To the Editor:
Suppression of progression of radiographic damage in rheumatoid arthritis (RA) is the hallmark of an effective disease-modifying antirheumatic drug (DMARD), whether a biologic or nonbiologic drug. Its assessment has been part of all pivotal clinical trials, to obtain such a claim in the product monograph. In the original US Food and Drug Administration guidance document, placebo-controlled trials of 2–5 years were suggested as the method to demonstrate inhibition of radiographic progression. Recently a draft guidance document, not yet implemented, has suggested using alternative study designs because patients cannot be maintained on placebo for more than about 12 weeks1; however, it is mentioned that newer imaging techniques such as magnetic resonance imaging (MRI) and ultrasound are not yet validated. The European Medicines Agency still requires 1-year trials, or in exceptional cases 6 months can be justified by “robustness of the method or convincing clinical data” with the provision to demonstrate the maintenance of this effect for an additional 12 months2.

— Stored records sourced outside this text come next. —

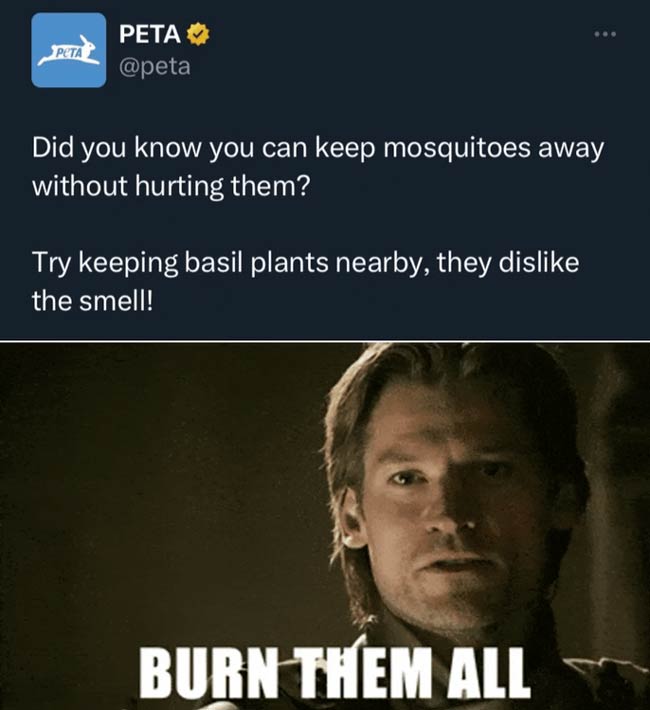 Burn them all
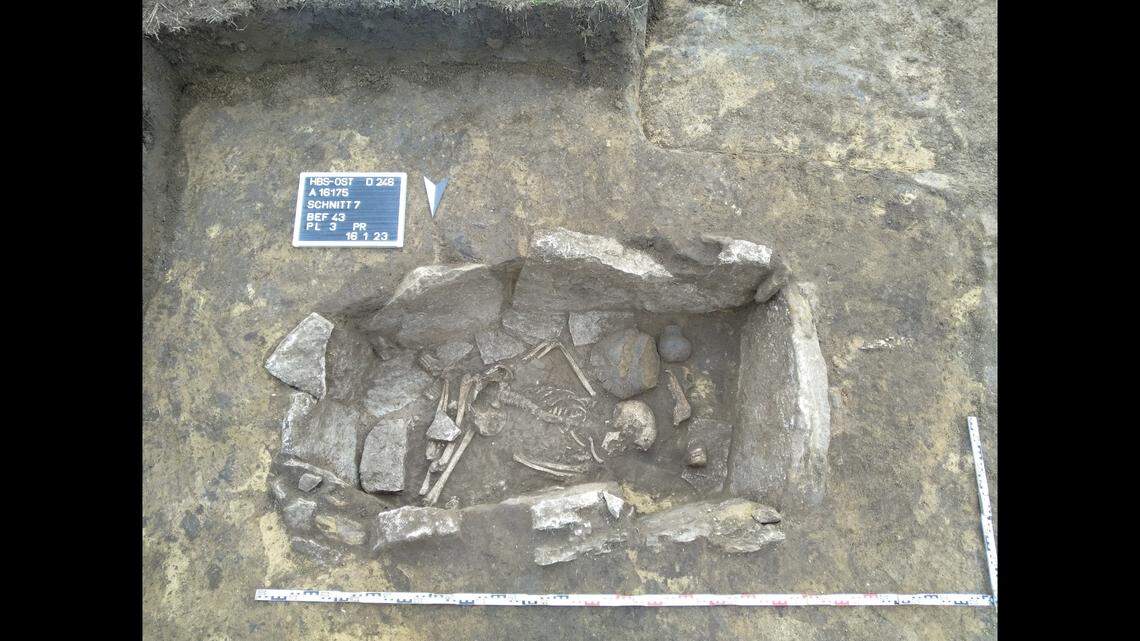 The human remains were found near a grave where at least four cattle were buried.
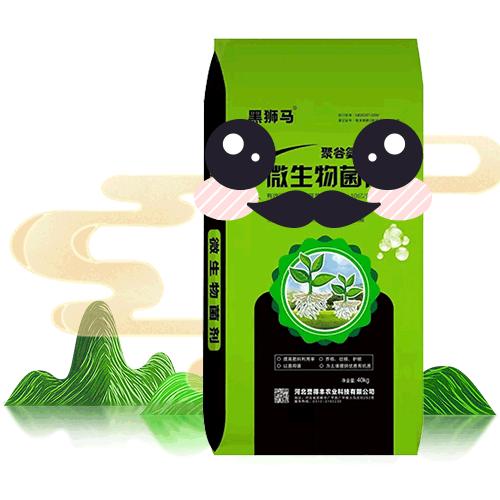 强服务促发展的方法,强服务提品质塑品牌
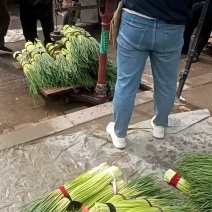 河南红帽蒜苔大量供应中，大量对接各大市场，加工厂，电商。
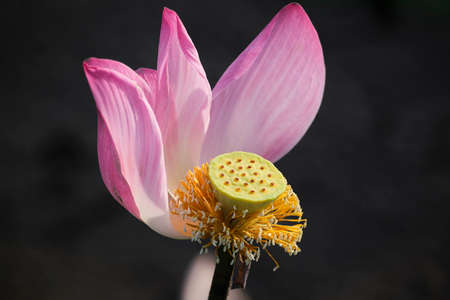 lotus, the national flower of Vietnamの写真素材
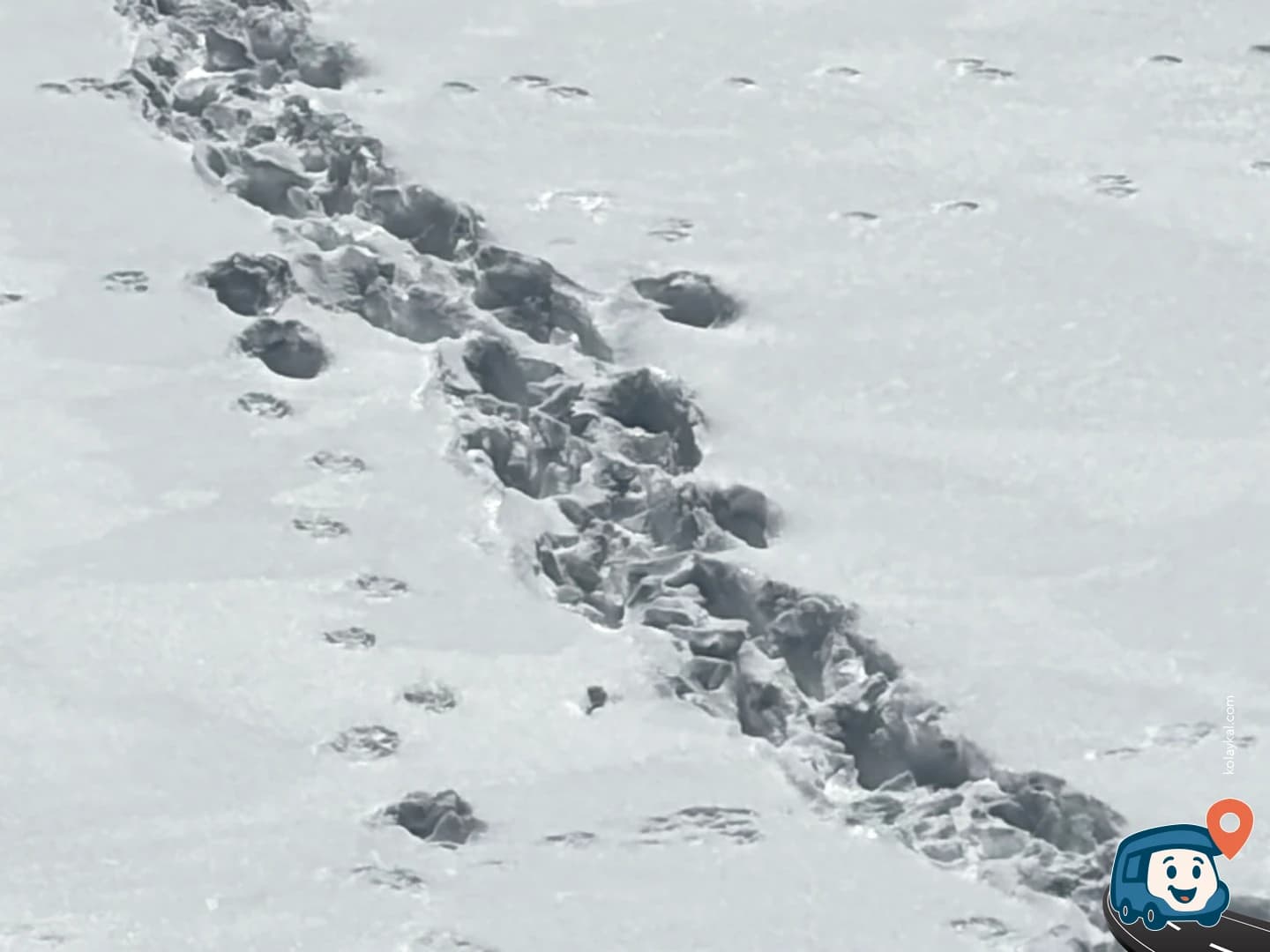 Şeytan Kalesi Vahşi Kamp Alanı - Çıldır, Ardahan, foto 3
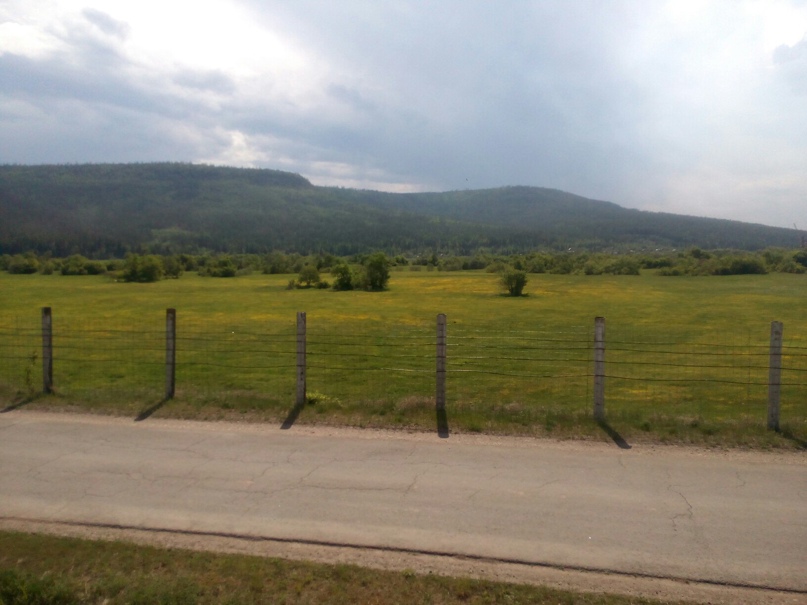 Сергей Бугаев |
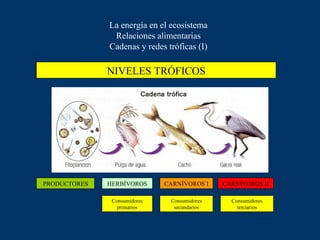 La energía en el ecosistema
               Relaciones alimentarias
              Cadenas y redes tróficas (I)

              NIVELES TRÓFICOS




PRODUCTORES   HERBÍVOROS      CARNÍVOROS I    CARNÍVOROS II

               Consumidores    Consumidores     Consumidores
                 primarios      secundarios       terciarios
 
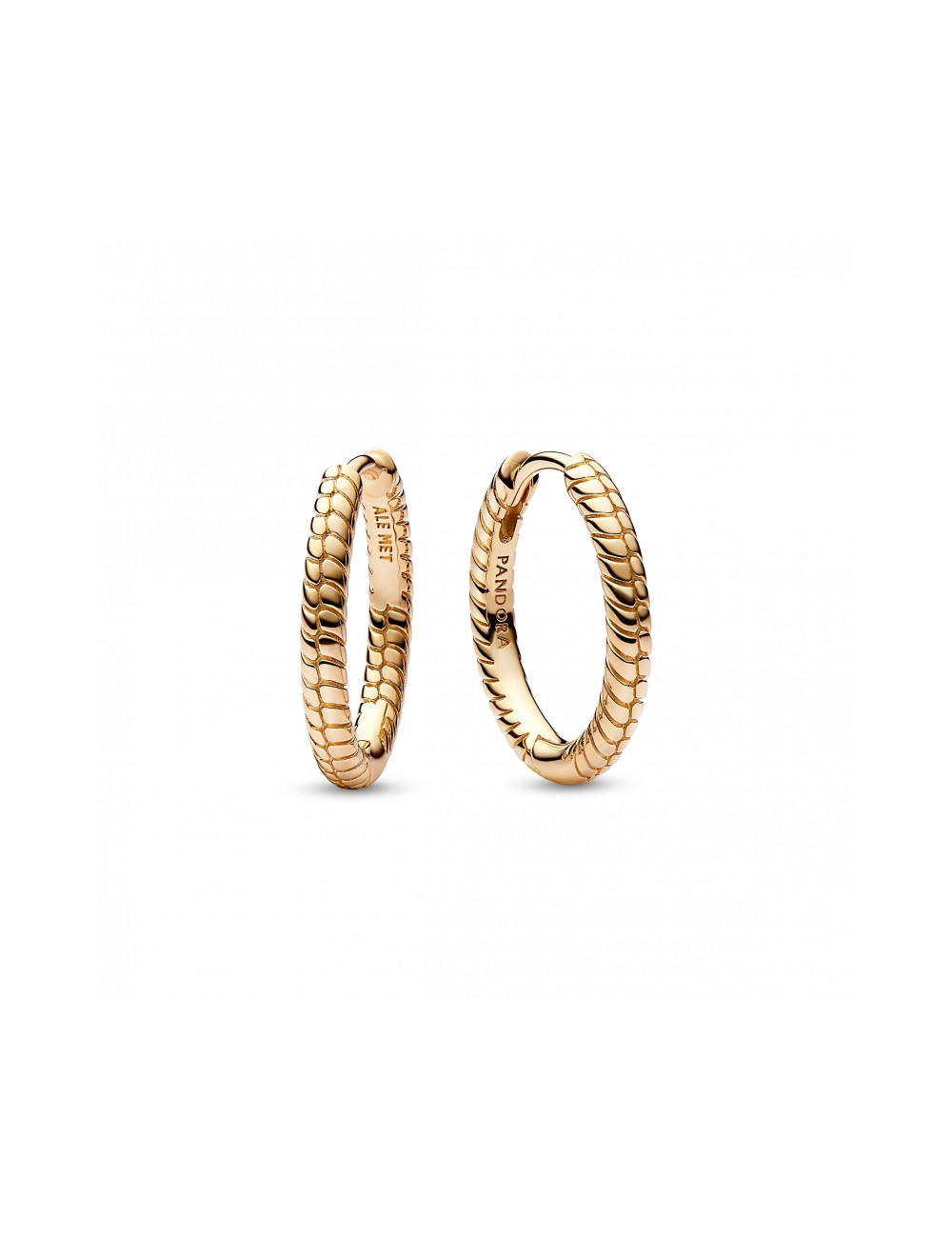 Argolas Snake Chain Pandora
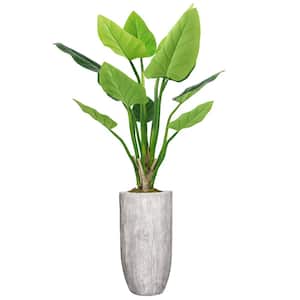 Vintage Home Artificial 74 in. High Artificial Faux Philodendron Erubescens With Fiberstone Planter For Home Decor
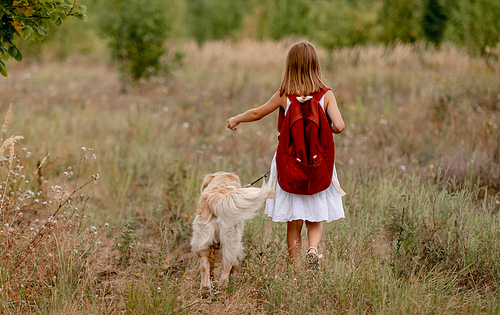Little girl with backpack walking with golden retriever dog in the field in summer day. Cute child kid with doggy pet on meadow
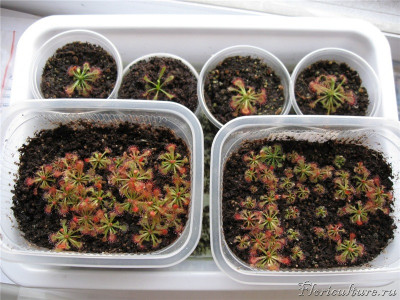 Заметил, что дней через 5 ловушки стали красного цвета. И это с учетом того, что каждый день на них светит солнце с восхода и до часиков 12.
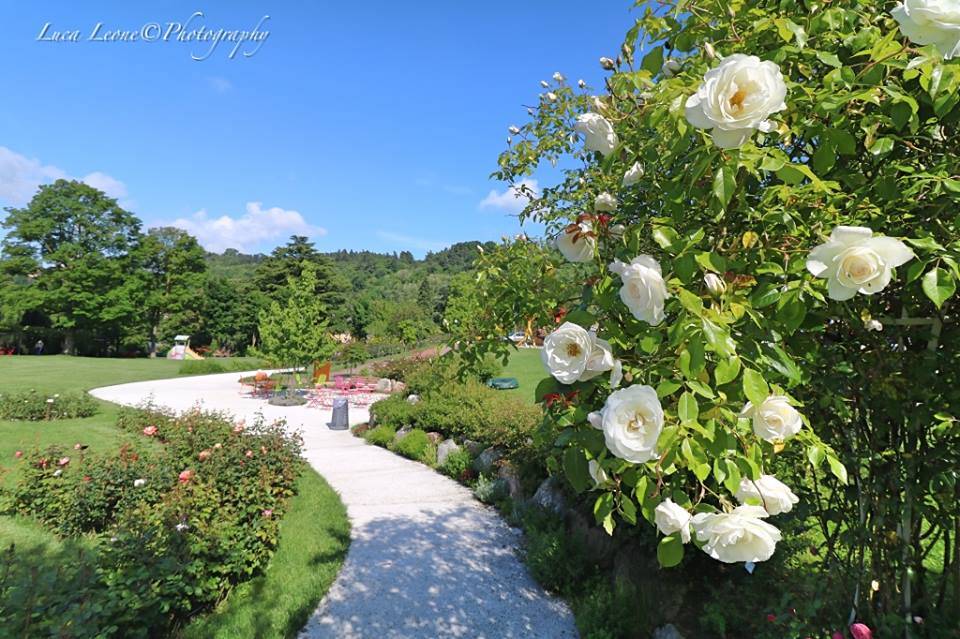 La Festa Delle Rose Si Avvicina Varesenews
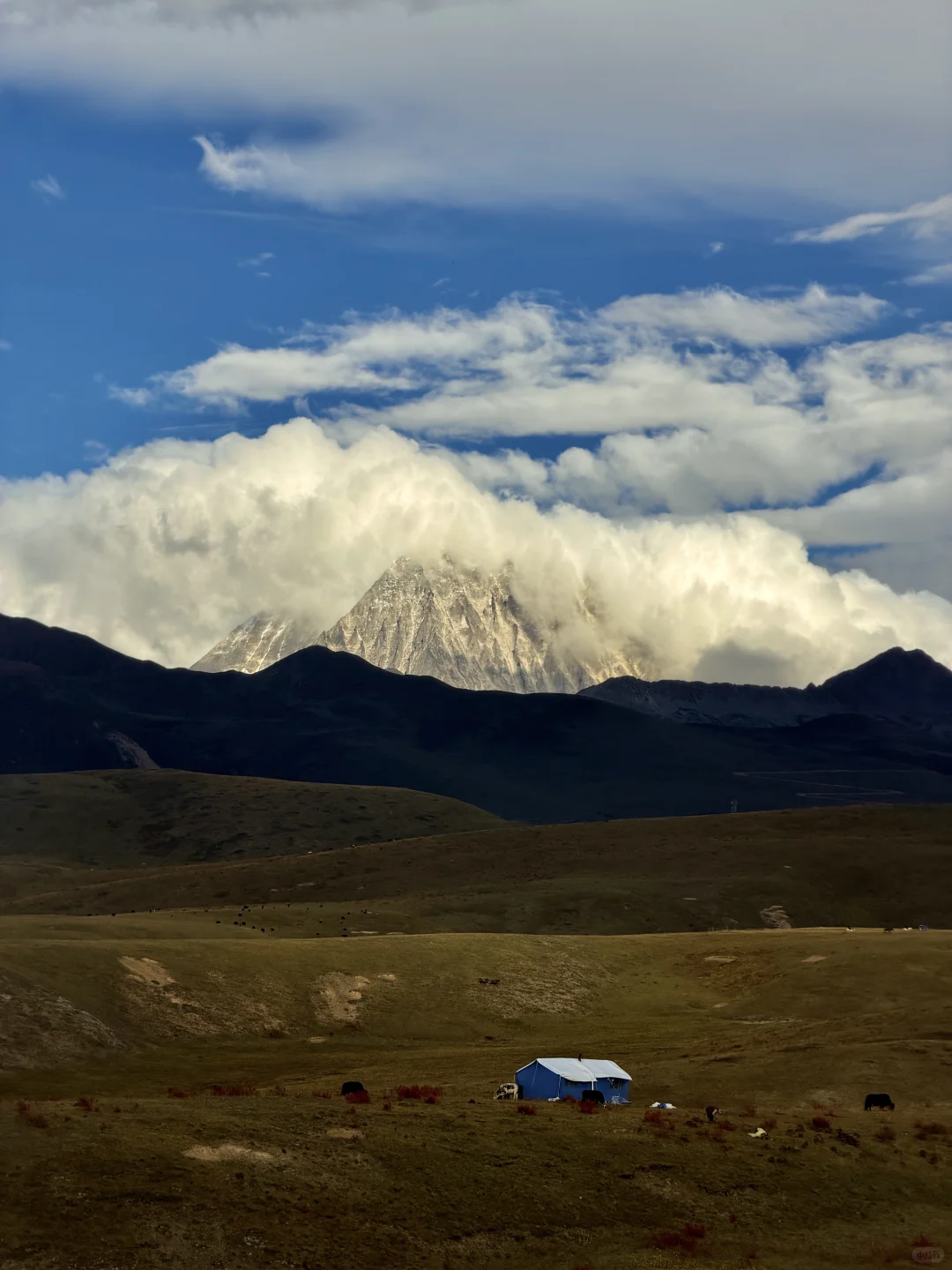 2025.10.9川西秋天,一辈子怀念的地方🍂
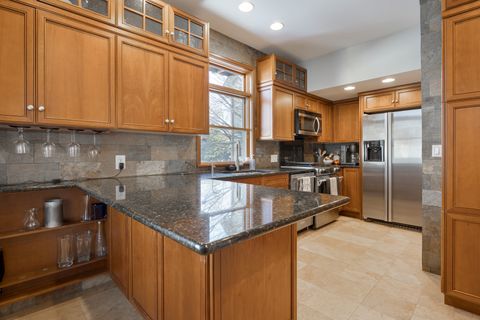 Tiny photo for 313 S 1st Street, West Dundee, IL 60118 (MLS # 12602587)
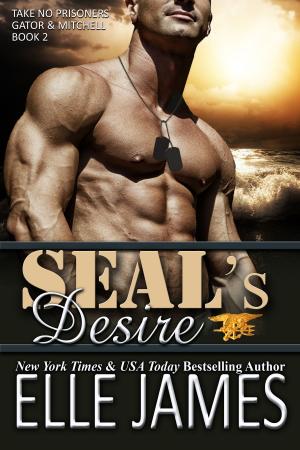 Cover of the book SEAL's Desire by Dj Warner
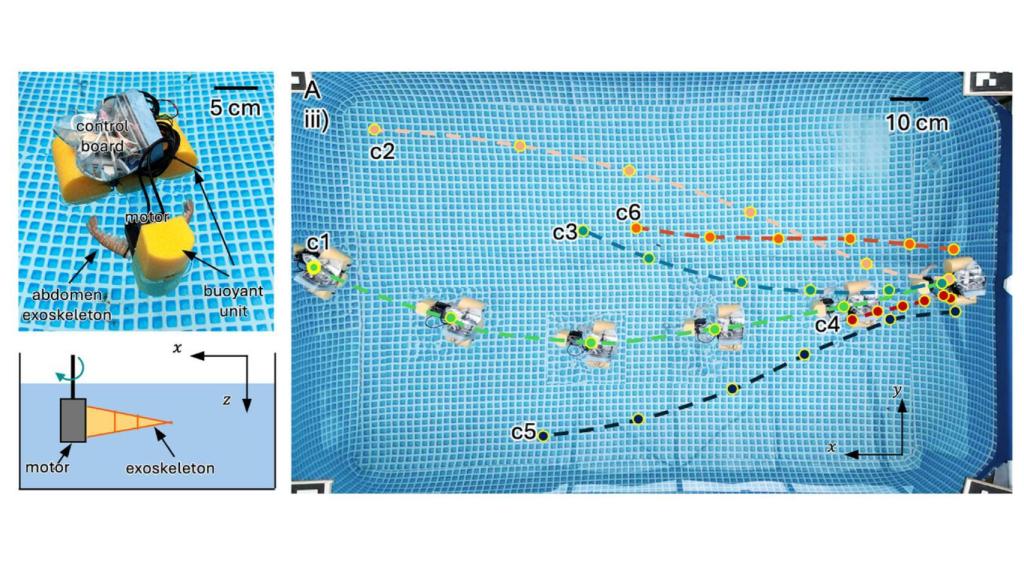 Los robots nadadores desarrollados con exoesqueletos de cigalas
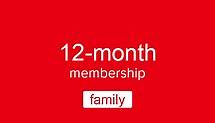 Kaufe Nintendo 12 Monate Abonnement (Familie) Nintendo Eshop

In earlier clinical trials, it has been observed that the amount of radiographic damage is in direct relationship to disease duration and disease activity, laboratory risk factors such as elevated acute-phase reactants [erythrocyte sedimentation rate (ESR), C-reactive protein (CRP)], and the presence of high titers of anticyclic citrullinated peptide antibodies or rheumatoid factor, and the extent of baseline radiographic structural damage3. However, owing to the variability of patient clinical and laboratory features, after 1 year of observation in clinical trials, only 40% to 50% of patients taking placebo accrue additional damage, and even smaller percentages (10% to 20%) when treated with a biologic DMARD, and the mean change is extremely small in both treatment and placebo groups.
In the past few years, the profile of patients enrolled in clinical trials has changed: disease duration is shorter, disease activity is lower, levels of CRP and ESR have decreased, and baseline methotrexate doses are higher4. All these elements tend to reduce the progression of structural damage. Because of the design of current trials including early rescue, the median change in damage is often in the range of 0 points in patients either taking placebo or active drug; mean change while taking placebo is < 1.5 points, and while taking an active drug5, < 0.5 points.
With the blunting of additional radiographic damage in the control/placebo groups, it has become difficult to show statistically significant reduction of structural damage by the active comparator/DMARD, especially because studies are powered to show differences in clinical responses rather than differences in radiographic outcomes. This has been observed in clinical trials of golimumab and tofacitinib5,6. The absence of a claim of inhibiting radiographic progression in the product monograph of a biologic DMARD has been used by certain reimbursement agencies or third-party payers to deny drug coverage. This decision is not acceptable for a significant number of patients for whom this medication may be the best treatment. While the treatment paradigm of RA has changed over the years, based on several national and international sets of recommendations, the regulatory requirements for the approval of new DMARD have not, including the claim of reduction of structural damage.
We experienced clinicians and trialists in the management of RA think it is time to address that issue by introducing new ways of assessing the progression of structural damage through different definitions or imaging techniques7. Clearly, highly sensitive imaging techniques must be added to complement standard radiographs, for a better assessment of new highly effective therapies after the failure of conventional DMARD. Regulatory agencies have resisted so far changing the requirements, because of a lack of longterm validation of MRI and ultrasound in assessing structural damage and correlating it with functional outcomes. Open discussion with experts in the field should be initiated.
While awaiting such validation, we suggest that if a novel DMARD fails to show statistical power in the reduction of radiographic damage because of less-than-expected progression in the placebo group, while still maintaining structural integrity as evidenced by a high proportion of radiographic nonprogressors, it should still be deemed to have all the attributes of a DMARD8.